After an evaluation, GNOME has moved from Bugzilla to GitLab. Learn more about GitLab.
No new issues can be reported in GNOME Bugzilla anymore.
To report an issue in a GNOME project, go to GNOME GitLab.
Do not go to GNOME Gitlab for: Bluefish, Doxygen, GnuCash, GStreamer, java-gnome, LDTP, NetworkManager, Tomboy.
Bug 739924 - In search, normalize characters with accents/diacritics
In search, normalize characters with accents/diacritics
Status: RESOLVED FIXED
Product: gnome-music
Classification: Applications
Component: general
unspecified
Other Linux
: Normal enhancement
: 3.18
Assigned To: Mattia Cerrato
gnome-music-maint
Depends on:
Blocks:
 
 
Reported: 2014-11-10 21:18 UTC by Keir Lawson
Modified: 2015-12-17 12:55 UTC
See Also:
GNOME target: ---
GNOME version: ---


Attachments
query: Find strings with accents (12.79 KB, patch)
2015-12-16 15:14 UTC, Mattia Cerrato
committed Details | Review

Description Keir Lawson 2014-11-10 21:18:28 UTC
In most other media players searching for "Bjork" for example will return music by "Björk", however this is not the case in Gnome Music.
Comment 1 Vadim Rutkovsky 2014-11-12 20:36:58 UTC
That would be rather complicated, but seems feasible. Probably the most universal way would be adjusting tracker queries
Comment 2 Arnel Borja 2014-11-16 16:08:51 UTC
I'm not familiar with languages that needs normalization, so I didn't noticed the problem before. We could use tracker:case-fold, tracker:normalize and tracker:unaccent on tracker keys before comparing them to strings that will undergo GLib.utf8_normalize and GLib.utf8_casefold.
Comment 3 Mattia Cerrato 2015-12-11 17:52:03 UTC
I am currently working on it. May I get this bug assigned to me?
Comment 4 André Klapper 2015-12-12 12:03:54 UTC
I don't think anybody cares about assignees, but here you go. 
Thanks for working on this!
Comment 5 Mattia Cerrato 2015-12-15 10:57:35 UTC
I tried to fix this bug following Arnel's suggestion of "cleaning up" accents via tracker:unaccent, tracker:normalize and tracker:case-fold on the tracker side, and using GLib.utf8_casefold and GLib.utf8_normalize on the string the user is searching for.
However, this way accents are only really cleaned up on the tracker side: if the user searches for "Bjork", both "Björk" and "Bjork" are found, while no matches are found if the user searches for "Björk" directly. The output for GLib.utf8_casefold(GLib.utf8_normalize("Björk")) with any normalization mode is still "björk". This is not a match for "bjork", which is the result of the tracker:unaccent function.

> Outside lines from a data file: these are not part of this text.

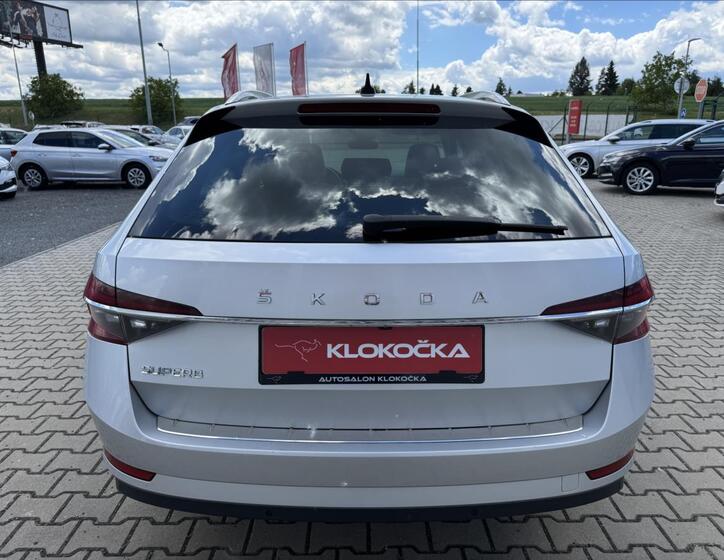 Škoda Superb 5
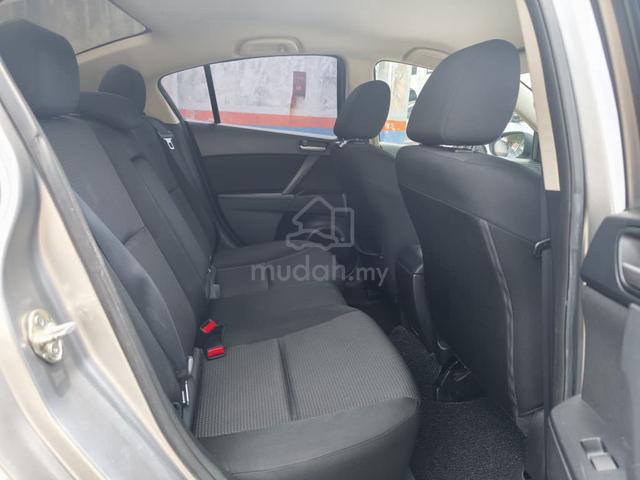 2012 Mazda 3 1.6 SPORT SEDAN ANDROID CASH DEAL - 5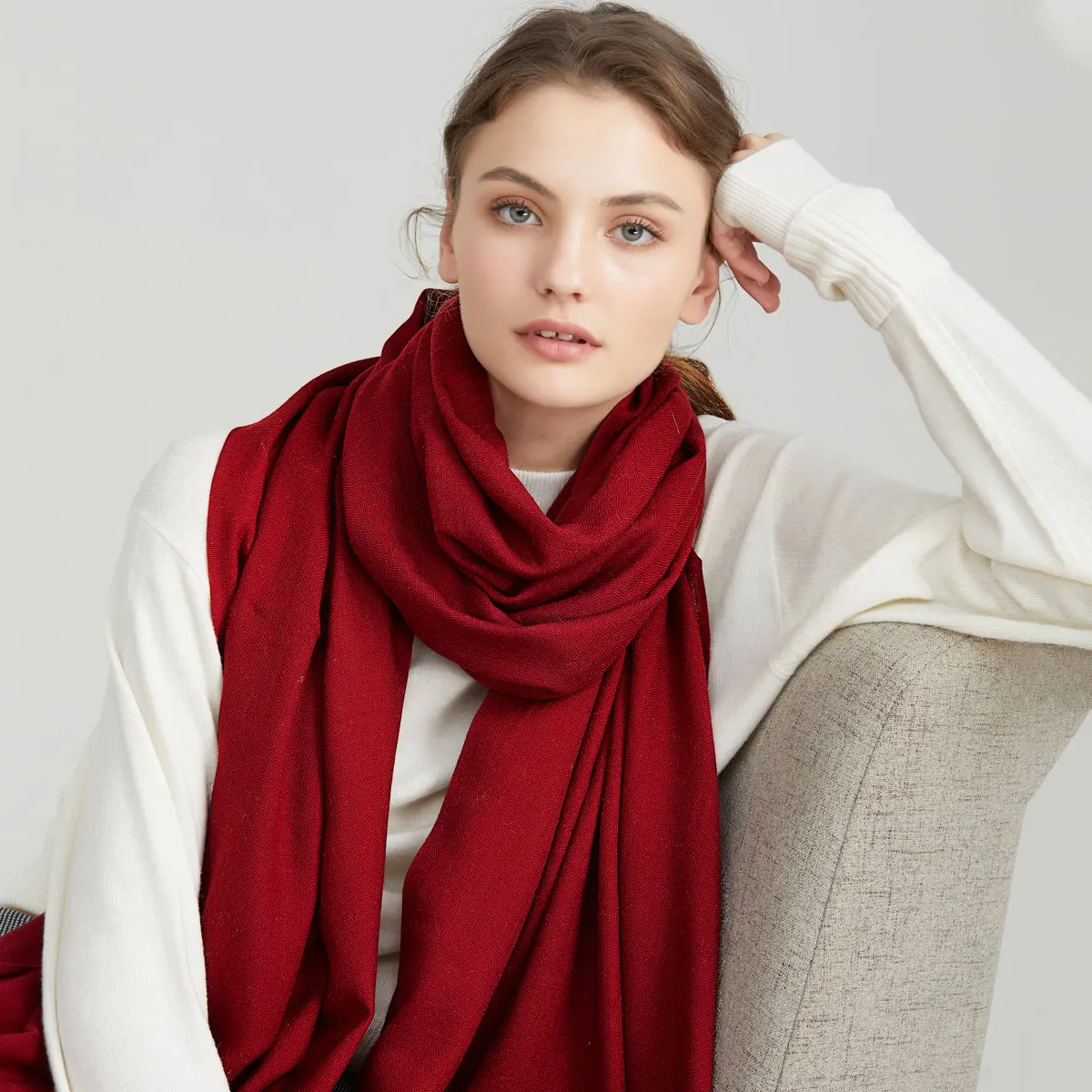 2022 Winter Luxury Scarf - Image 7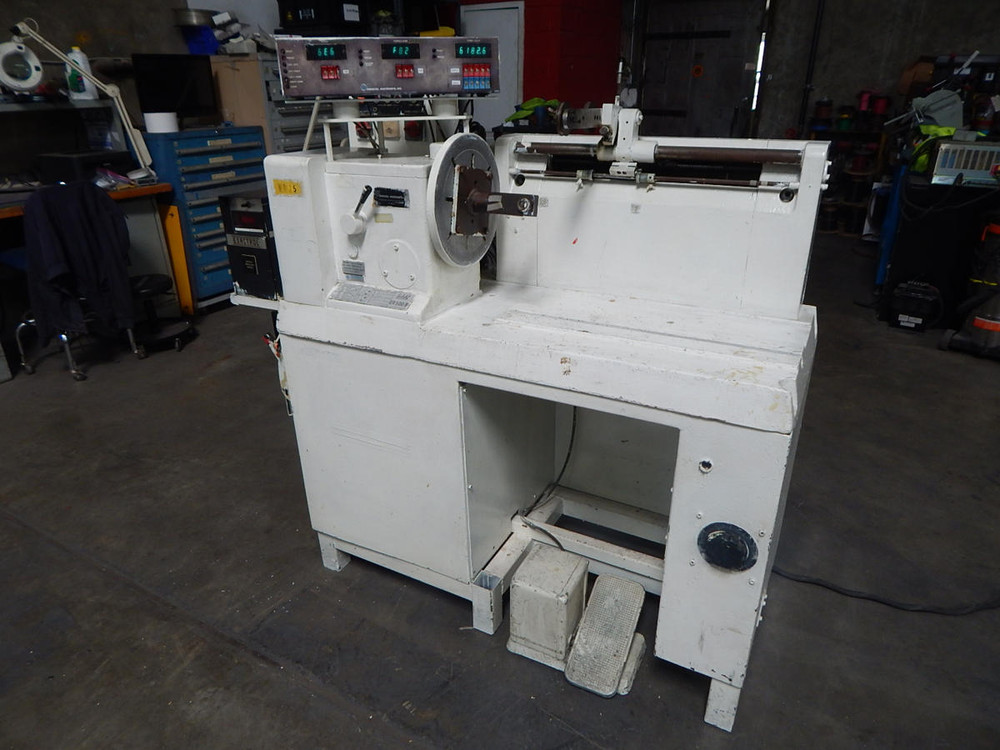 Globe  ER500 B  Heavy Duty Coil Winder  For Sale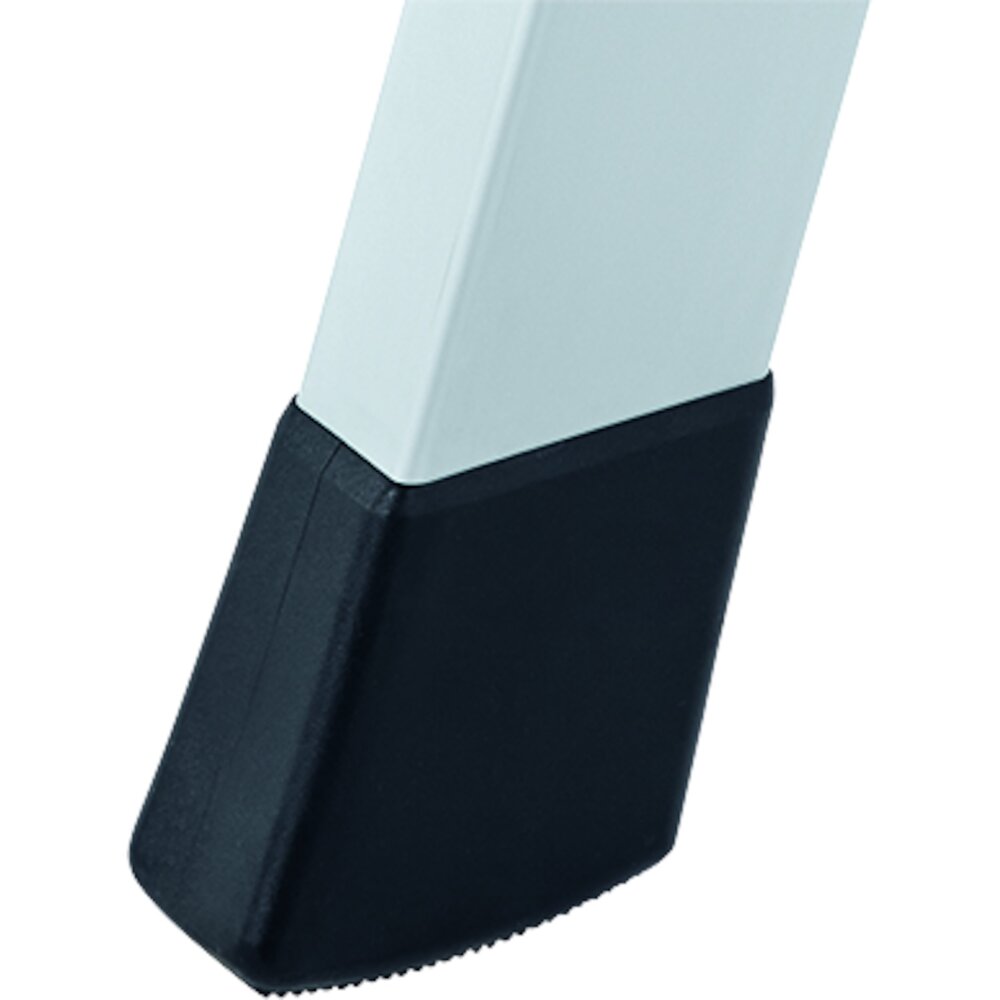 Comfortstep L , Geschraubte Stufen-Anlegeleiter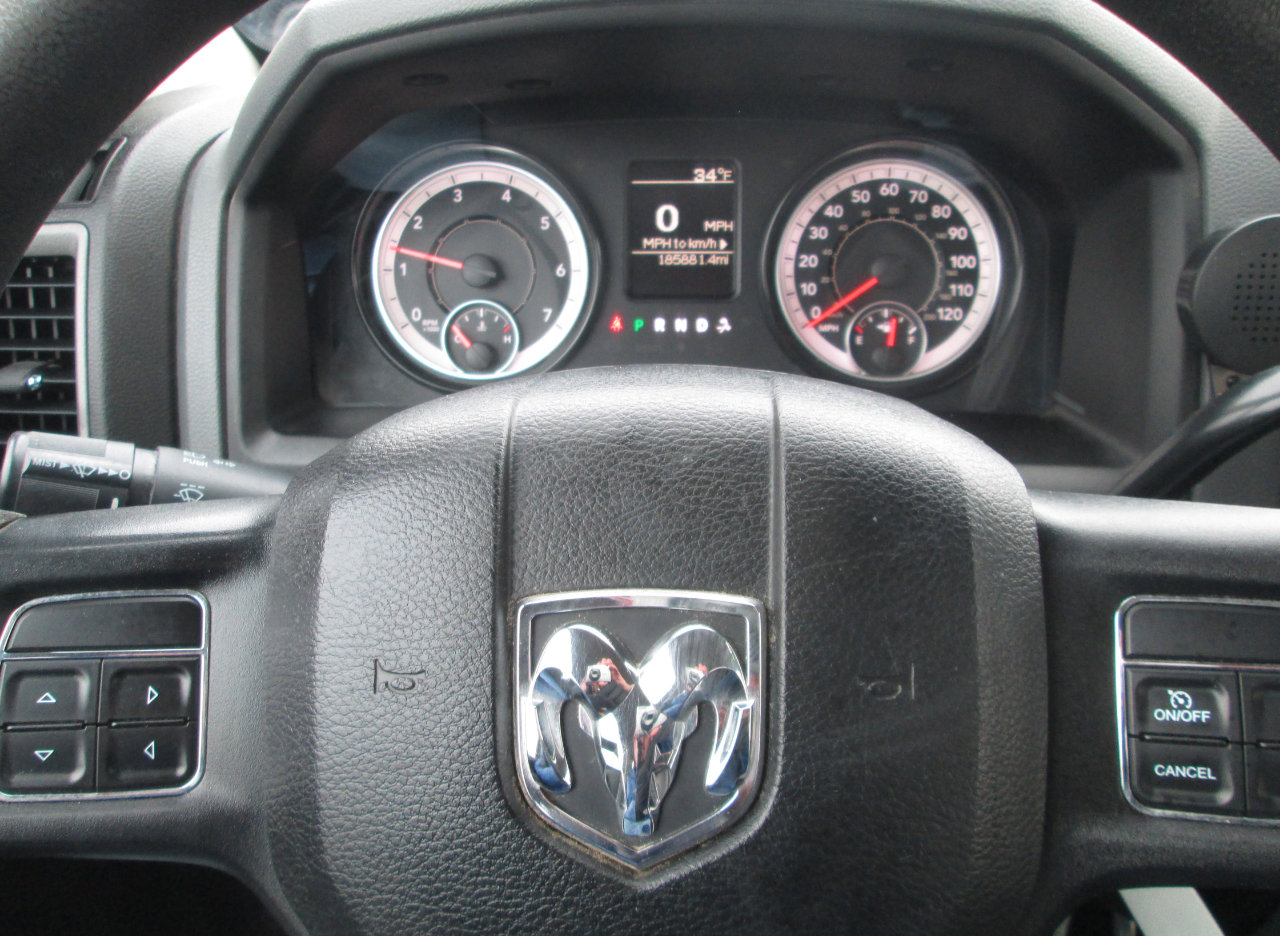 Used 2016 RAM 2500 Tradesman w/ Power Accessory Group image 13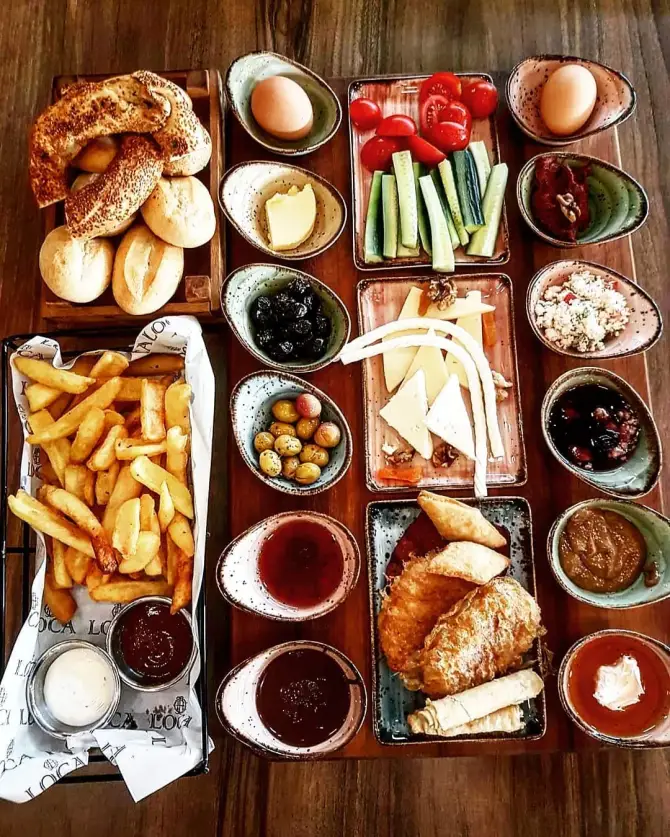 Loca Cafe Restaurant Nargile - İzmir Mekan Rehberi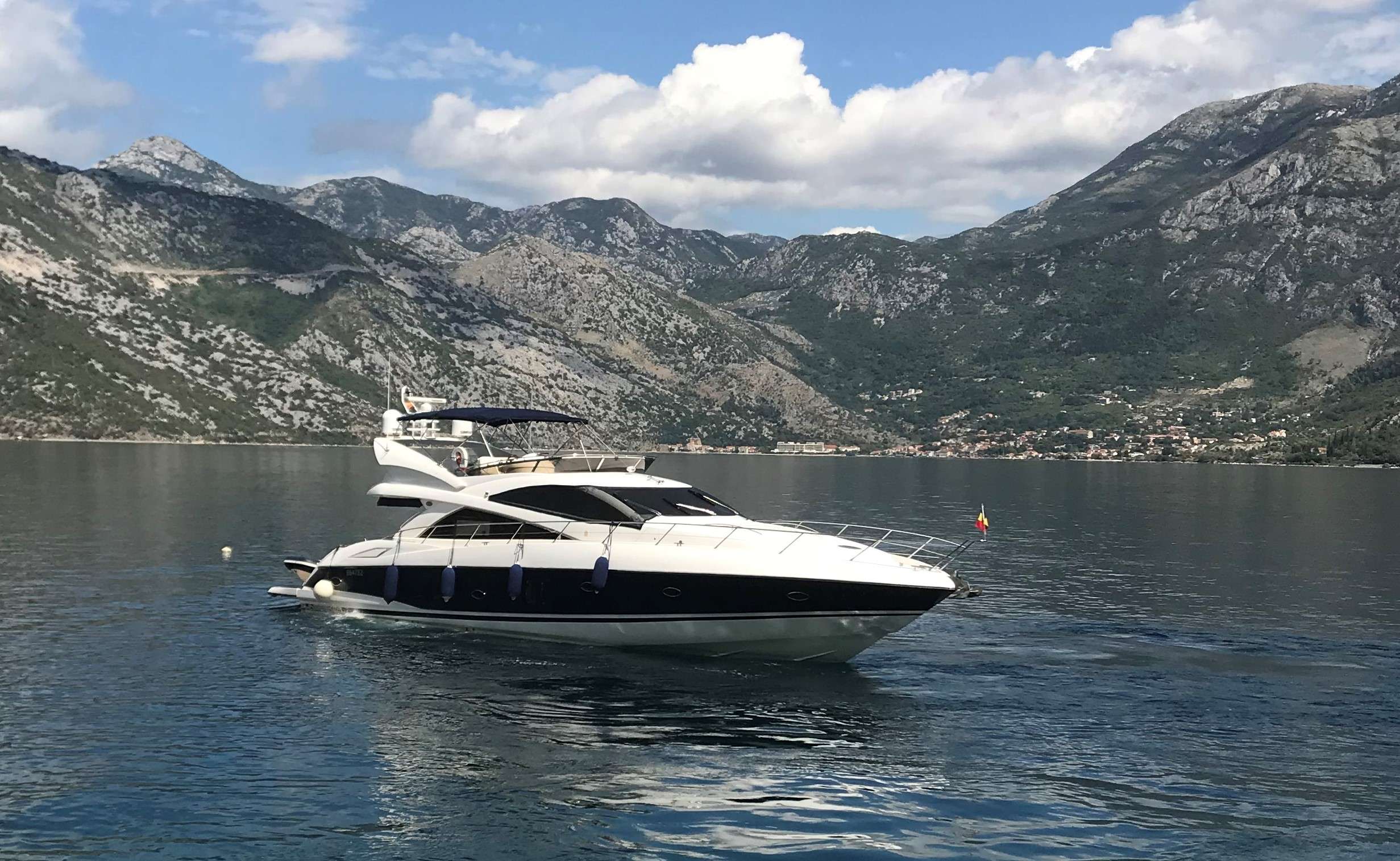 COPACABANA in Montenegro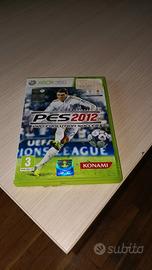 Pes 2012 xbox360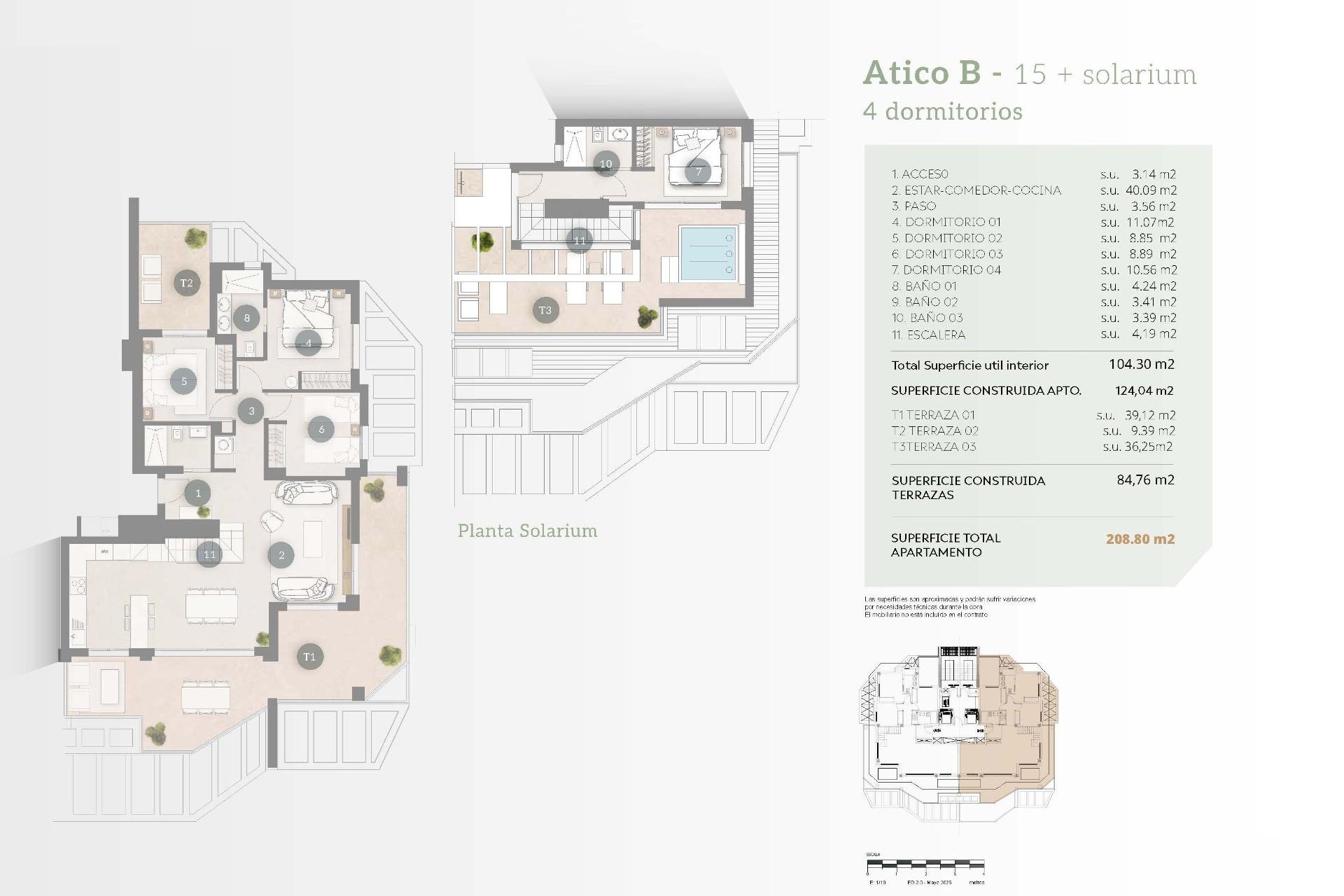 New Build - Apartment - Calpe - Playa Arenal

I found an equivalent bug report for gnome-documents: https://bugzilla.gnome.org/show_bug.cgi?id=722254, which led to the development of the tracker:unaccent function. In the function, there seems to be some additional computation done on top of a normalization operation.

Intuitively, I'd expect to have an equivalent GLib.unaccent function, however there is no such function and gnome-documents does accented search fine.
Comment 6 Mattia Cerrato 2015-12-16 15:14:46 UTC
Created attachment 317503 [details] [review]
query: Find strings with accents

When searching for an artist/track/album w. accented
letters, no match is found. This patch changes the queries
to find both accented and unaccented strings when an equivalent
unaccented string is searched for, while only accented strings
are found when an accented string is searched.
Comment 7 Carlos Garnacho 2015-12-17 12:06:17 UTC
Comment on attachment 317503 [details] [review]
query: Find strings with accents

This looks correct to me given the current gnome-music queries.

Anyhow, in the future might be worth to look into redesigning gnome-music queries, there's two things that could help:

- Using fts:match. By default it searches on all the full-text-search capable properties for the matched elements. However it could be tweaked to look into specific fields as these queries are doing. This should bring a performance boost, because the way we're currently matching strings comes down to a linear table scan, so is bound to grow slower with the number of elements.

  Besides, FTS support already unaccents by default.

- Using sparql1.1's BIND (new in tracker 1.7.x/master), which would allow us to at least perform certain common operations once for each match, eg:

  SELECT ... WHERE {
    ?album a nmm:MusicAlbum .
    BIND (tracker:normalize(nie:title(?album), 'nkfd') AS ?normalized) .
    FILTER (fn:contains (tracker:case-fold (tracker:unaccent (?normalized)), "foo") ||
            fn:contains (tracker:case-fold (?normalized), "foo"))
  }

  that would allow doing the tracker:normalize(...) operation once at the query level, instead of twice (in each fn:contains)


Nonetheless, I set the patch as "reviewed", but counts as "accepted-commitnow" to me, I don't think this belongs to this bug anyway, rather a new enhancement one.
Comment 8 Felipe Borges 2015-12-17 12:52:16 UTC
Comment on attachment 317503 [details] [review]
query: Find strings with accents

(In reply to Mattia Cerrato from comment #6)
> Created attachment 317503 [details] [review] [review]
> query: Find strings with accents
> 
> When searching for an artist/track/album w. accented
> letters, no match is found. This patch changes the queries
> to find both accented and unaccented strings when an equivalent
> unaccented string is searched for, while only accented strings
> are found when an accented string is searched.

after Carlos Garnachos ack, sure.
Comment 9 Felipe Borges 2015-12-17 12:55:13 UTC
pushed to master as https://git.gnome.org/browse/gnome-music/commit/?id=bcd19561ebacb8c2f645694f4642942f1d7cf626

I opened a new bug for the queries refactoring/enhancement:
https://bugzilla.gnome.org/show_bug.cgi?id=759587